To begin with, Apple currently is not forced to add in expensive features and maximum storage space for all, they have different products for different people, and wireless providers are not forced to provide maximum bandwidth to all, lest they be sued.  Yet hospitals and doctors are forced to do just that.  Teary John Edwards-style lawyers get rich portraying hospitals and insurance companies as greedy death panels and doctors as incompetent, so medical providers are forced to carry expensive malpractice insurance and run a lot of tests they know are unnecessary, which drives up the costs. As a result, 91 percent of physicians engage in 'defensive medicine', ordering more tests and procedures than necessary as a protective measure due to concerns over malpractice lawsuits.  To lower costs and still increase coverage organically would just mean not making it open season on medical providers.   

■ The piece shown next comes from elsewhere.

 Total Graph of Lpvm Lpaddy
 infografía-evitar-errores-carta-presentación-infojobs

Could even Apple pull that off?  It requires readjusting the mentality of Americans when it comes to suing; everyone knows it's bad but if they get in a car accident, watch the 'I am suing an insurance company, not a person' rationalization fly.  Apple would also have to make a lot of old people angry; right now, the old, the poor and Congress get a lot more for free than anyone else but you can't anger old people.  Unlike young people who have time to protest but not much else, old people vote.  And I essentially side with old people on this one.   When I got taxes taken out of my first paycheck, I began saying we should honor the commitments for every person even one day older than me but we should not saddle future generations with social security and Medicare.  Even when I was young, there were only 5 workers per retired person and this year the 'Baby Boom' births - kids born in 1946, after World War II ended in 1945(2) - reach age 65 so the workers to potential retirees now drops to 4.  When social security was created that ratio was 20:1.

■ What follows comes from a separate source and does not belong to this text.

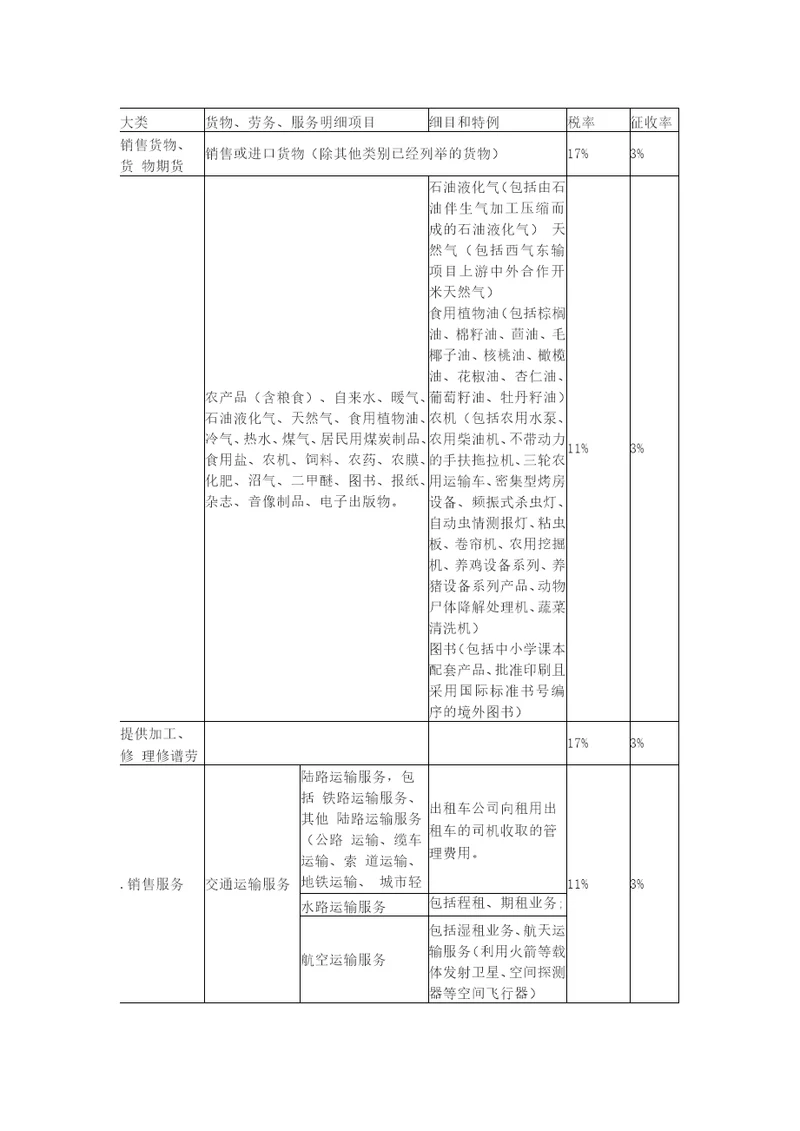 增值税税率、征收率一览表截至2017年7月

So Apple would quickly find that retired people are not going to be educated by undulating silhouettes on television.  Opposite older people with massively subsidized health benefits are younger people who have no health issues and are already overtaxed who would be forced, under a system similar to Holland's, to pay more taxes to cover half the cost of their health insurance.  In other words, they would be paying what they have to pay right now if they want health insurance.  The upside to forcing coverage, proponents claim, is that the increased purchasing power would allow the government to negotiate with 'providers', whoever they would be - it requires suspension of disbelief that the same government that overthrew private health care is going to stand up to its union constituents and use its 'purchasing power' to get the best deal out of them rather than curry votes.  Standing against a union is unthinkable for Pres. Obama and, if you have ever tried to unload a box in New York City when the Teamsters are around, bad for your personal health too.

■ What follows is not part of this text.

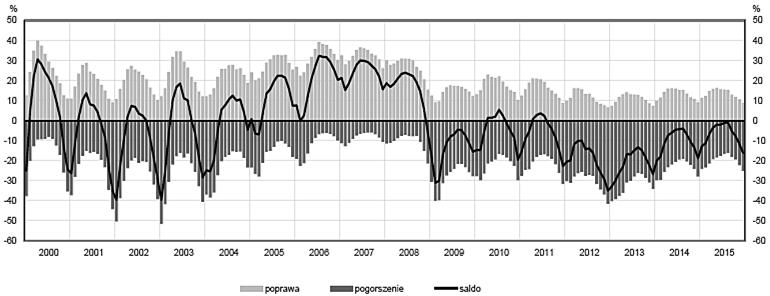 138 Rafał Jagoda Rys. 1. Koniunktura w budownictwie w latach 2000-2015 Źródło: [http://stat.gov.pl/]. ziomie minus 16,1% i przybiera tendencję spadkową. Od 2011 r.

No, even Apple could not fix health care. Apple is successful because of innovation, as is American health care.  50% of the new drugs that give people better lives are created in America and it is well established that world leading medical research, primarily in the private sector, originates here.   The standard joke in business is that customers always want better, cheaper and faster and they are lucky to get two and that applies in health care is well.  Want the best when you need it?   America is still the place to go. 

NOTES:

(1) Irony: On my last visit to Hsinchu to visit TSMC a few years ago, workers in Taiwan complained that China was undercutting them using cheap labor, and that the quality of the product would go down if cost were the only concern.

(2) Sometimes now magically extrapolated out to being an entire generation.  Was I born the last year of the Baby Boomers or am I the first year of Generation X?  It depends on which marketing person you ask and if they claim a generation is 20 years, 18 years, or about 5 years, since each new high school class gets some new 'generation' label thrown at them.